An amazing display with so many pixels makes the 27-inch iMac a real winner and puts itself in a league of its own
- Stunning 5K display
UPDATE: It has been over one year since I originally wrote my review, and yet, my verdict hasn’t changed. The 27-inch iMac with Retina 5K Display is still a one of a kind machine, which offers an incredible package for those looking to get a fantastic, colour accurate display, and a Mac.
The 27-inch iMac with Retina 5K was first seen in October 2014 and has been irregularly updated. On 5 June 2017, Apple announced its latest iMac that features Intel’s Kaby Lake processors. But don’t think that’s the only difference Apple has managed to conjure since its 2015 iteration of the iMac 5K.

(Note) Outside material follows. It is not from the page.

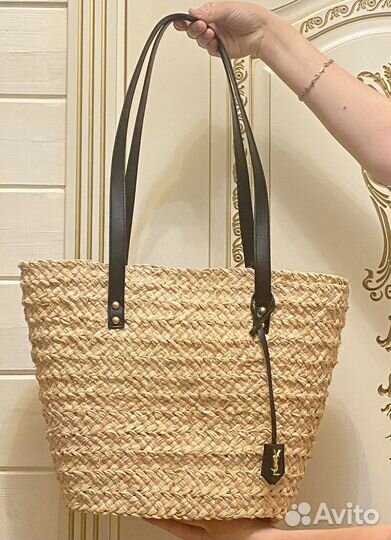 Cумка соломенная saint laurent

With new features and a brand-new processor, can the 27-inch iMac with Retina 5K display still be king of the crop?
27-inch iMac with Retina 5K display (2017) review: What you need to know
After more than a year of waiting, the new 5K iMac is an improvement over the 2015 model in almost every way. Its new Kaby Lake processor is fast; the screen is even brighter; and it has faster memory, a more powerful AMD graphics chip and two Thunderbolt 3 (USB Type-C) ports for faster transfers.
There’s so much to like about the new iMac, but its £1,749 price tag might put off a few consumers. It is expensive, but there isn’t anything else quite like the 27-inch iMac with Retina 5K. It looks stunning with and without the screen switched on and the new hardware inside peps up performance nicely. The best all-in-one PC just got better.
27-inch iMac with Retina 5K display (2017) review: Price and configurations
Apple raised its prices in late 2016 following Brexit. The 27-inch 5K iMac’s base price used to be £1,449, but is now £1,749. This price increase also applied to iMacs prior to the 2017 launch. This makes the iMac slightly more expensive, and as someone who wants to experience an iMac for the first time, its price does seem very steep.
The new 5K iMac comes in three separate base configurations, which are distinguished easily by the processor housed within it. There is a 3.4GHz model from £1,749, 3.5GHz from £1,949 and 3.8GHz model from £2,249. Each has its own configurations to choose from, including the mid- and high-range models, which can be configured with an Intel Core i7 clocked at 4.2GHz. You can find the full range of options through Apple’s website.
The model I received has the following configuration:
- Model: 27-inch iMac with Retina 5K Display
- Processor: 3.4GHz quad-core 7th-generation Intel Core i5, Turbo Boost up to 3.8GHz
- RAM: 8GB 2400MHz DDR4
- Storage: 1TB Fusion Drive
- Graphics: Radeon Pro 570 with 4GB video memory
- Peripherals: Magic Mouse 2 and Magic Keyboard – British
The above configuration is the base model, which comes in at £1,749. Below are extras that you can include:
- 16GB RAM +£180
- 32GB RAM +£540
- 2TB Fusion Drive +£180
- 256GB SSD +£90
- 512GB SSD +£270
- 1TB SSD +£630
- Magic Trackpad 2 (replacing the Magic Mouse 2) +£50
- Magic Trackpad 2 & Magic Trackpad 2 +£129
The extras are rather expensive and aren’t necessary for most.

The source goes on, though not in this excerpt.